Let's say I apply the forces to the right that push the object. To calculate the work done by me I consider: $$ W_\mathrm{done\, by\, me} = \vec{F}_\mathrm{applied\, by\, me} \cdot \Delta\vec{x}.$$

This same idea applies to any force.

If the parallel components of $\vec{F}$ and $\Delta\vec{x}$ both point the same direction (as with my force), then the dot-product will give a positive result. The force added energy to the object.
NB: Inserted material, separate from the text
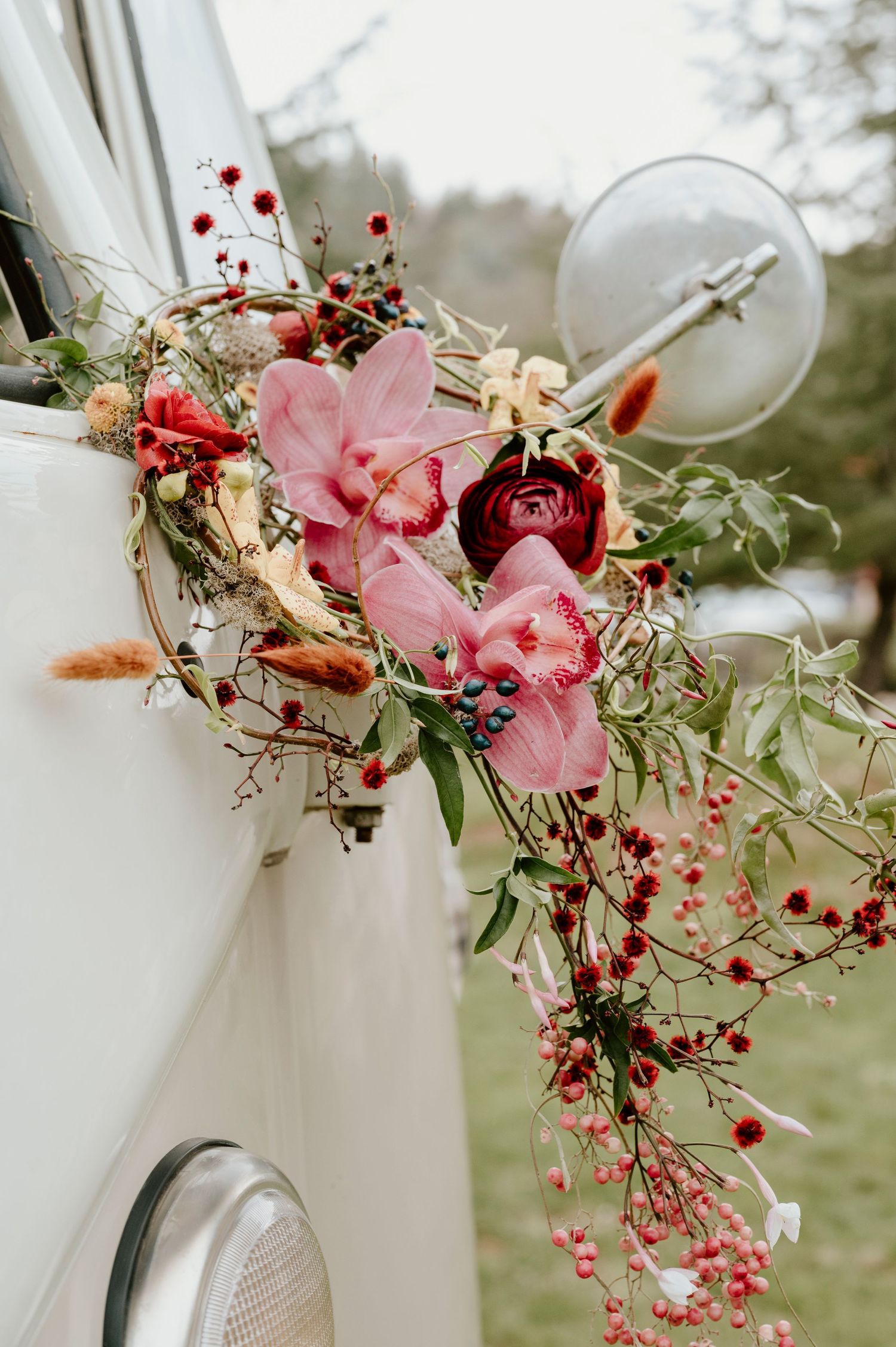 Pink orchids and red berries adorning a classic car's side mirror decoration.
If the parallel components of $\vec{F}$ and $\Delta\vec{x}$ point opposite directions (as with friction), then the dot-product will give a negative result. The force removed energy from the object.

Case 1:

  • I did $\vec{F}_\mathrm{me}\cdot\Delta\vec{x} = +25$ J of work. I transferred $25$ J of my energy to the object.
  • No energy was lost to the environment.
  • The object experienced a net of $25$ J of work. It gained $25$ J of energy during the process.

Case 2:

  • I did $\vec{F}_\mathrm{me}\cdot\Delta\vec{x} = +100\,\mathrm{J}$ of work. I transferred $100$ J of my energy to the object.
  • Friction did $\vec{f}\cdot\Delta\vec{x} = -75$ J of work. $75$ J of the object's energy was removed from it and transferred into the environment through friction.
  • The object experienced a net of $(\vec{F}_\mathrm{me} + \vec{f})\cdot \Delta\vec{x} = 25$ J of work. The object gained a net of $25$ J of energy during the process.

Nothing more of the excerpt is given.